Before it debuted locally, however, I drove over an hour each way to see it on the big screen near Oklahoma City. I also drove any friend willing to go with me. In total, I ended up seeing it around 14 times in theaters. Somewhere I still have the ticket stubs to prove it. Huge thank you to all the box office attendants who let me buy tickets to an R-rated movie without adult accompaniment.
Of course I also read Annie Proulx's 1997 short story, originally published in The New Yorker and later included in the Pulitzer-nominated collection Close Range: Wyoming Stories. At the time I remember enjoying the story, but finding it perhaps too veiled in its description of physical love. I was a horny teenager, what can I say?

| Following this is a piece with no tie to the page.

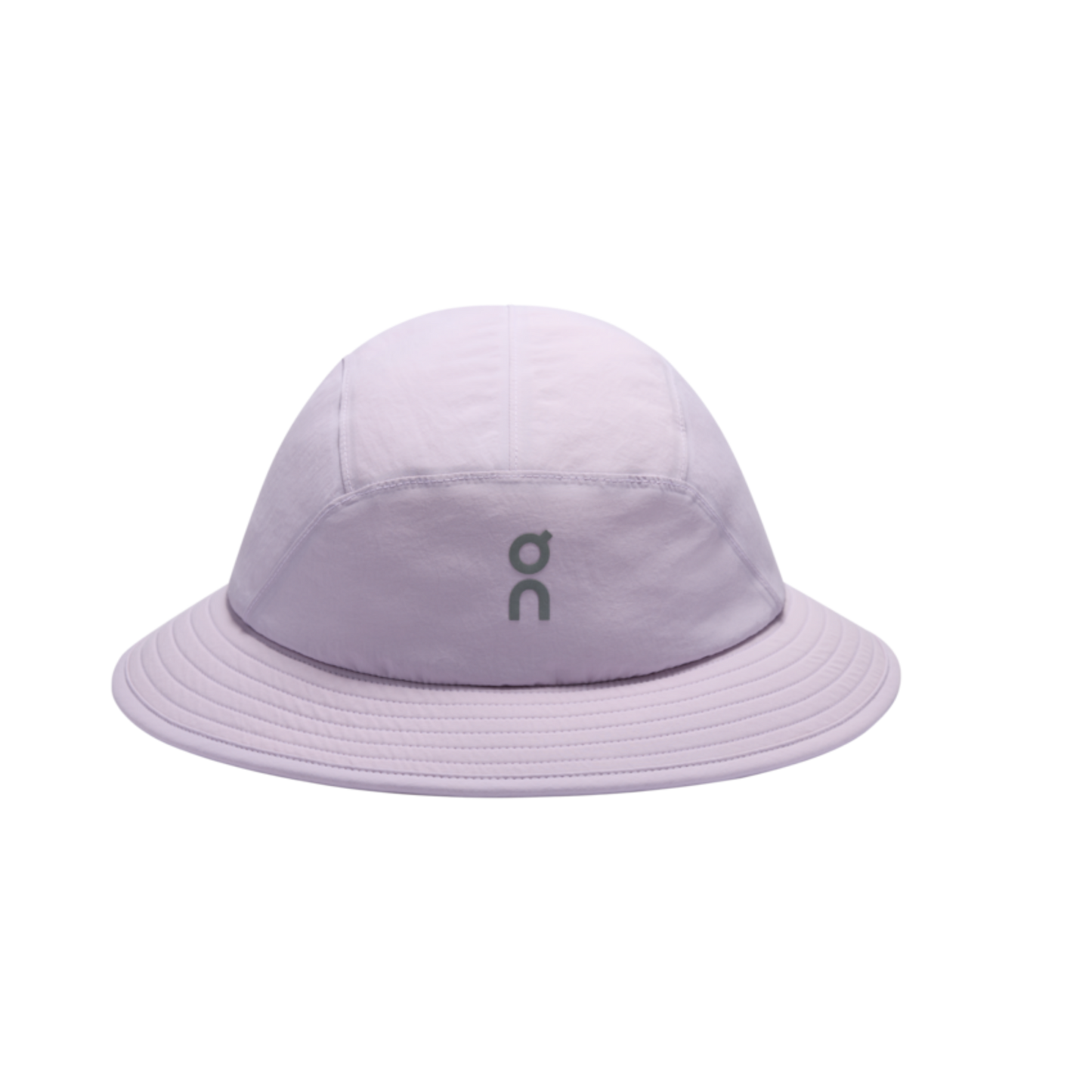 Trail Hat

Reading it back now, I appreciate the original story a lot more. All the film's iconic dialogue is pulled straight from these pages, unabridged and in its entirety. Sometimes internal thoughts are converted to dialogue in the film, and occasionally a single word might be exchanged. Otherwise, it's all here, miraculously housed in a mere 28 pages.
Annie Proulx's writing is gorgeous and crisp. Arguably too sparse at times. She loves her commas and the best imagery is often breezed through in a string of clauses. It would be wise to read her very slowly and allow the weight of each word to take hold. Or just watch the movie. This is a rare case where I do think the movie is better. Without the masterful delivery of Heath Ledger, Jack Gyllenhaal, Michelle Williams, Randy Quaid, and Anne Hathaway, the pitch-perfect dialogue doesn't land quite as strong on the page.

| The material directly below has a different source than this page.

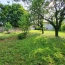  PROST immobilier : Domaines / Propriétés | CHALAMONT (01320) | 118 m2 | 390 000 € 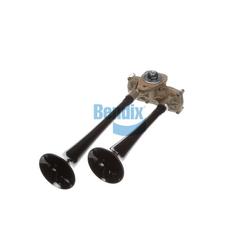 Horn Valve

Reflecting back on my youth, I think there's a number of reasons I found the movie so moving. It was my first experience with high art in popular culture, for one. I often brought notepad and pencil to my cinema viewings, conducting literary analysis in real time. I recall noting how each time Jack and Ennis allow themselves joy, a natural element or interpersonal conflict separates them. In the end, these factors both succeed and fail to keep them apart. I remember doing a lengthy comparison to Romeo & Juliet at one point, but that was only one of my many literary musings.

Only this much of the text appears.